SOURCE INFORMATION Start Marker
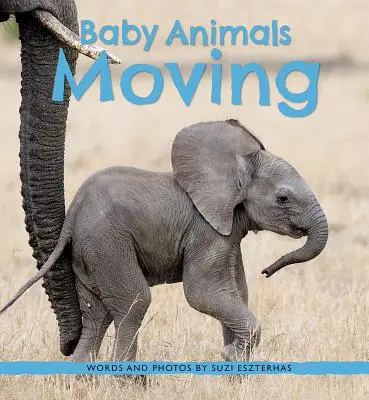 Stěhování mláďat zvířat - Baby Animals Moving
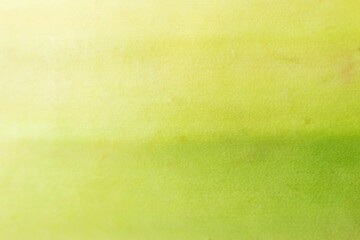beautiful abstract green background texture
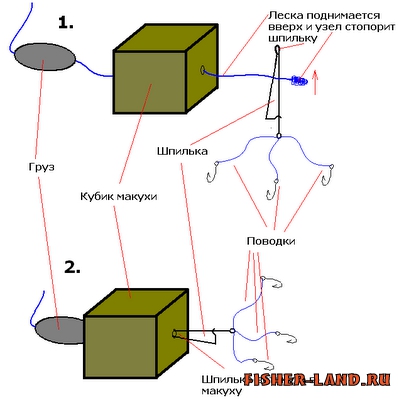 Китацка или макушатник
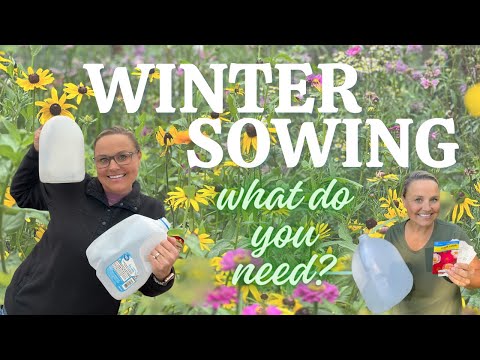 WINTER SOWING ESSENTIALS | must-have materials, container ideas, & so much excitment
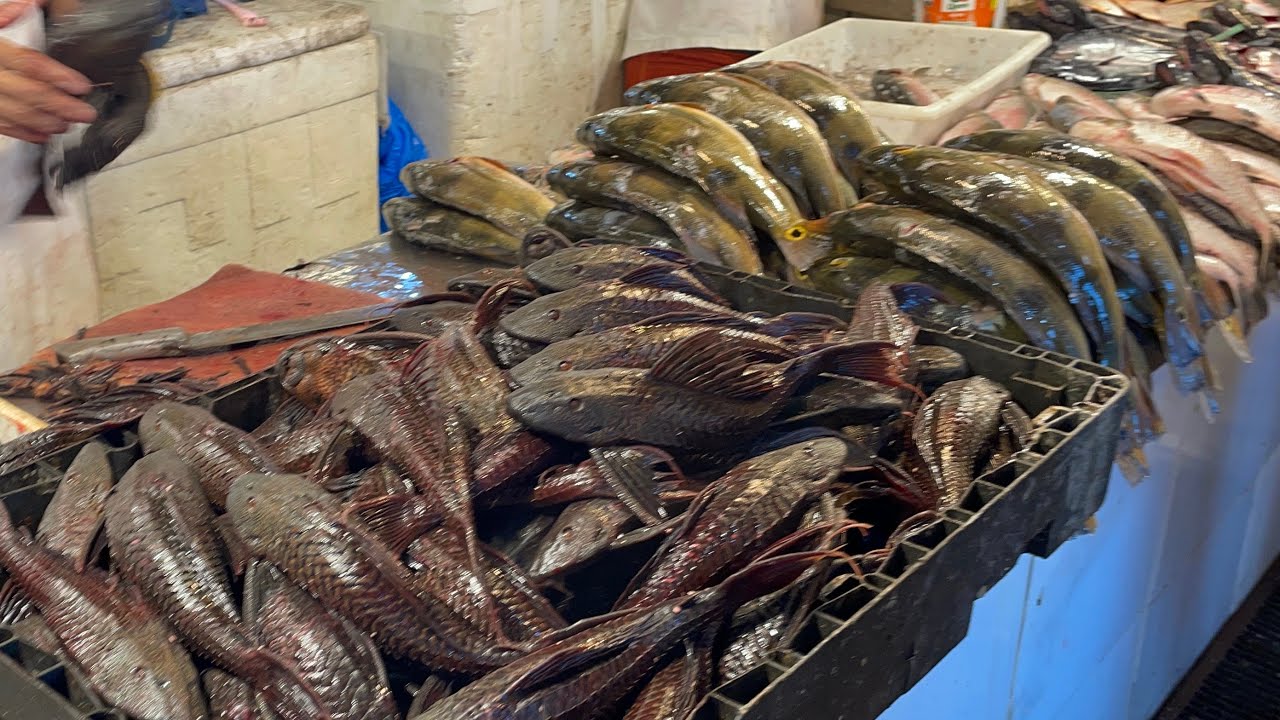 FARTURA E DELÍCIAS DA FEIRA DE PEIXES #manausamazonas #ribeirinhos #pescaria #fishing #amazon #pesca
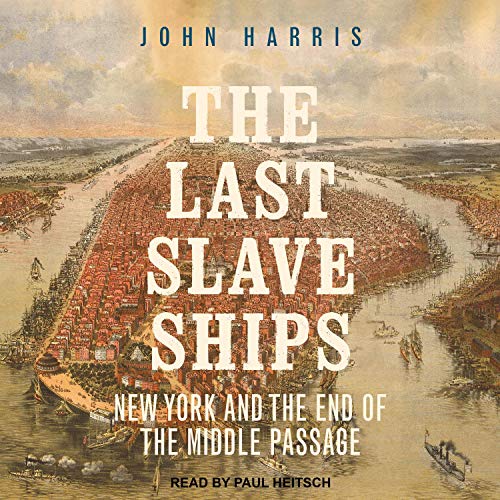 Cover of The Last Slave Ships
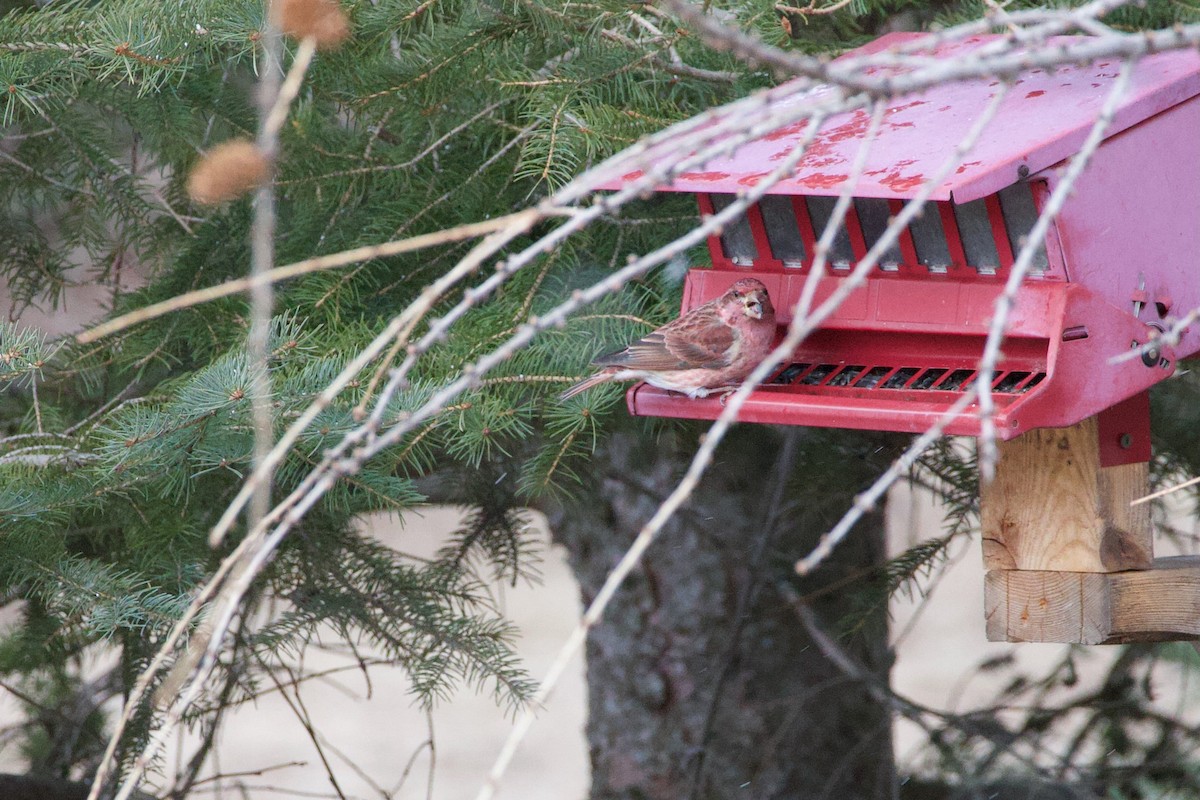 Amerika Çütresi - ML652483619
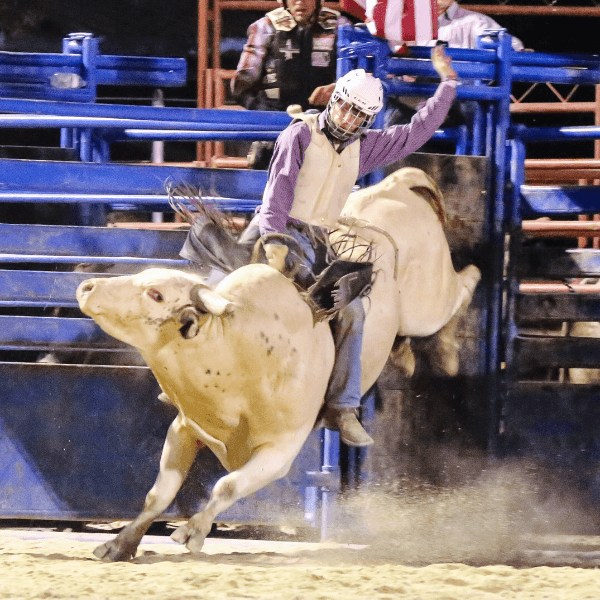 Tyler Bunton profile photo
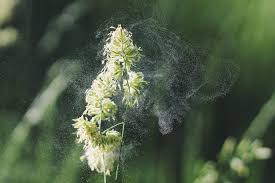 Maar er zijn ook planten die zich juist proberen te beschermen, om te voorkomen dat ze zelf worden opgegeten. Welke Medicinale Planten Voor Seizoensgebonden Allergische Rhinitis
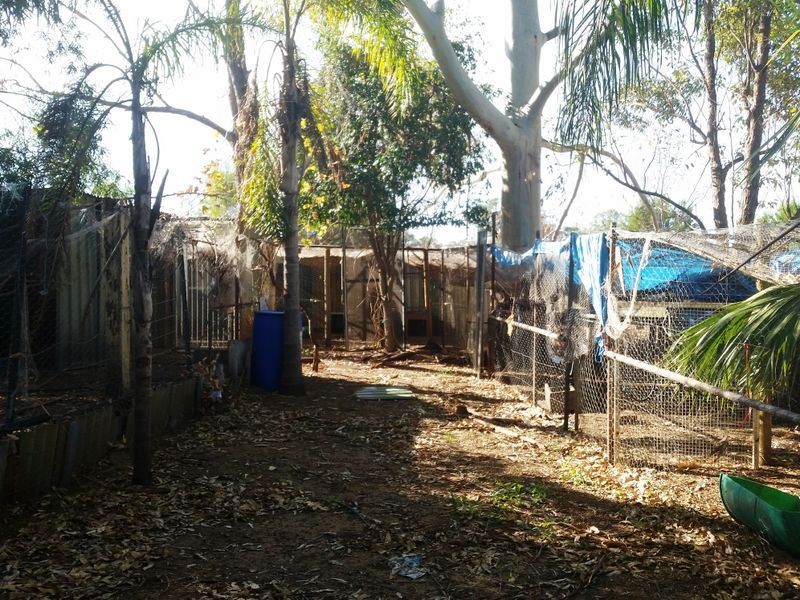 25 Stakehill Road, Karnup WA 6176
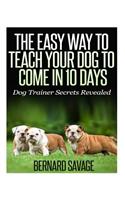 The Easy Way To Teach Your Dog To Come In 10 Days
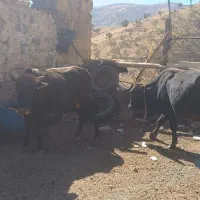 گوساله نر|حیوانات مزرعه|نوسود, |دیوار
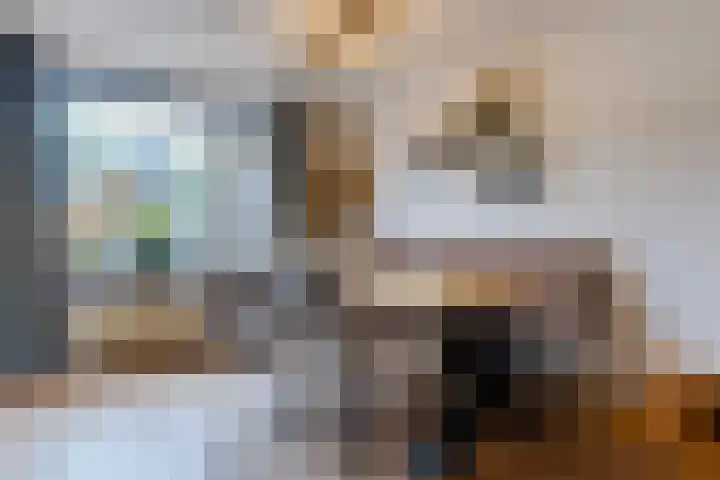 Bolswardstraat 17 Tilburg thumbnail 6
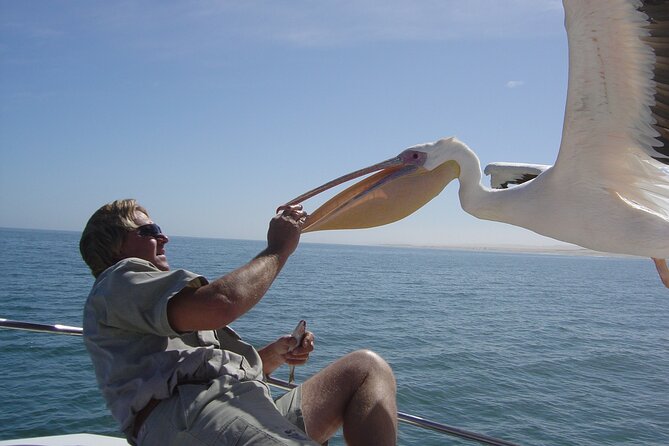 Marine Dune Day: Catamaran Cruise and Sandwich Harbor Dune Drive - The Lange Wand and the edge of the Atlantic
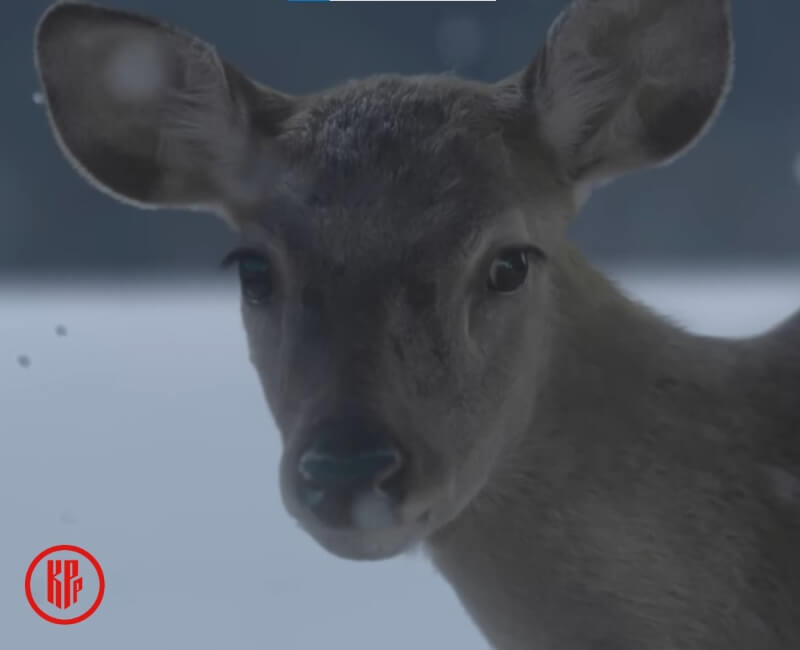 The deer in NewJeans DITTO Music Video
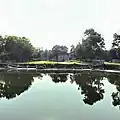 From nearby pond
SOURCE INFORMATION End Marker
### PROBLEM DETAILS:
Could you return exactly the lines starting with the one that contains "Maar er zijn" and ending with the last line of the data above? Leave the pictures out.

### RESPONSE BOX:
 Maar er zijn ook planten die zich juist proberen te beschermen, om te voorkomen dat ze zelf worden opgegeten. Welke Medicinale Planten Voor Seizoensgebonden Allergische Rhinitis
 25 Stakehill Road, Karnup WA 6176
 The Easy Way To Teach Your Dog To Come In 10 Days
 گوساله نر|حیوانات مزرعه|نوسود, |دیوار
 Bolswardstraat 17 Tilburg thumbnail 6
 Marine Dune Day: Catamaran Cruise and Sandwich Harbor Dune Drive - The Lange Wand and the edge of the Atlantic
 The deer in NewJeans DITTO Music Video
 From nearby pond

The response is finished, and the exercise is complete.